Material provided
=== Section Start ===

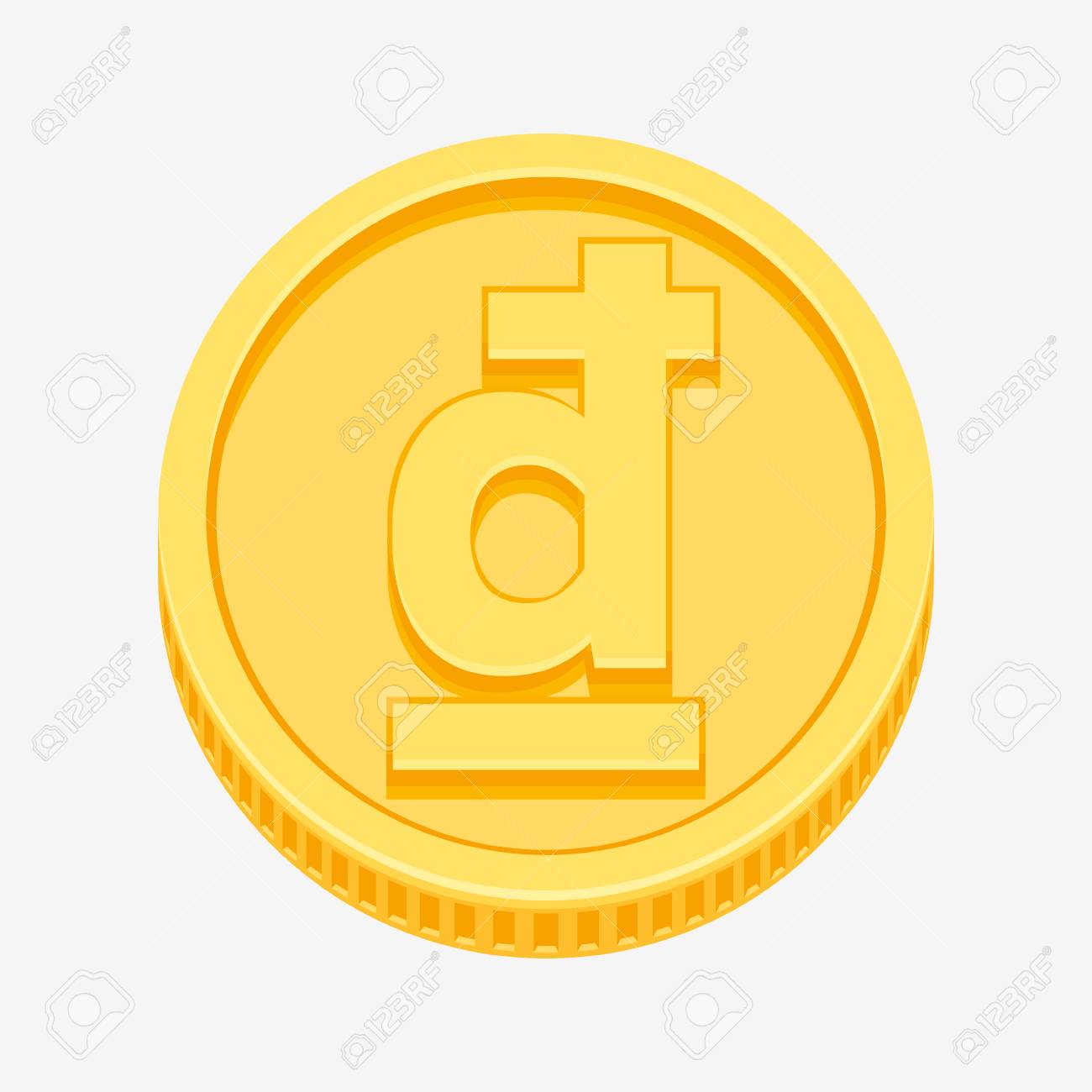 ゴールド コインのベトナム ドン記号のイラスト素材・ベクター Image 85204801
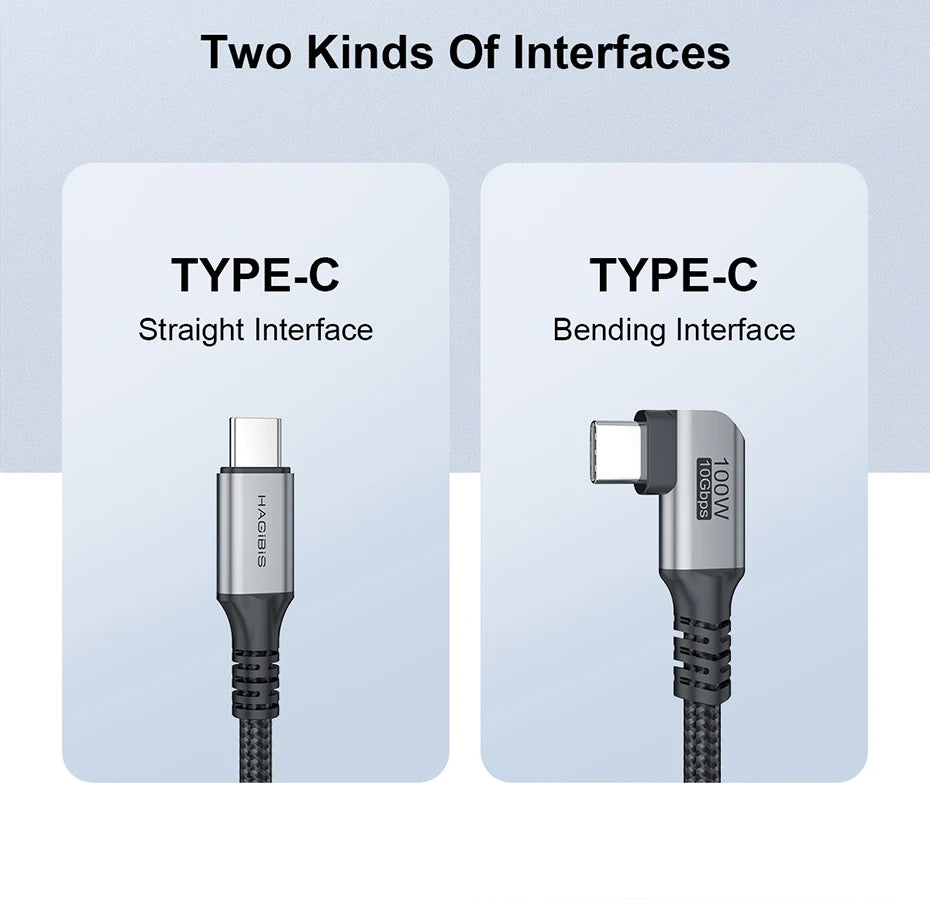 Hagibis USB C to USB C Cable USB 3.2 Gen 2 Type C Cable 10Gbps 4K 60Hz Video 100W Fast Charging for iPhone 17 Macbook Pro iPad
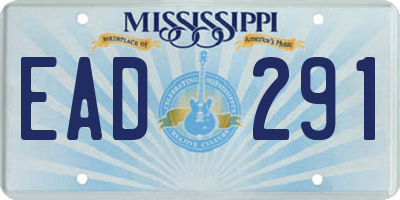 MS license plate EAD291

=== Section End ===

Exercise
The material above should be returned exactly, without pictures.

Reply to the exercise
 ゴールド コインのベトナム ドン記号のイラスト素材・ベクター Image 85204801
 Hagibis USB C to USB C Cable USB 3.2 Gen 2 Type C Cable 10Gbps 4K 60Hz Video 100W Fast Charging for iPhone 17 Macbook Pro iPad
 MS license plate EAD291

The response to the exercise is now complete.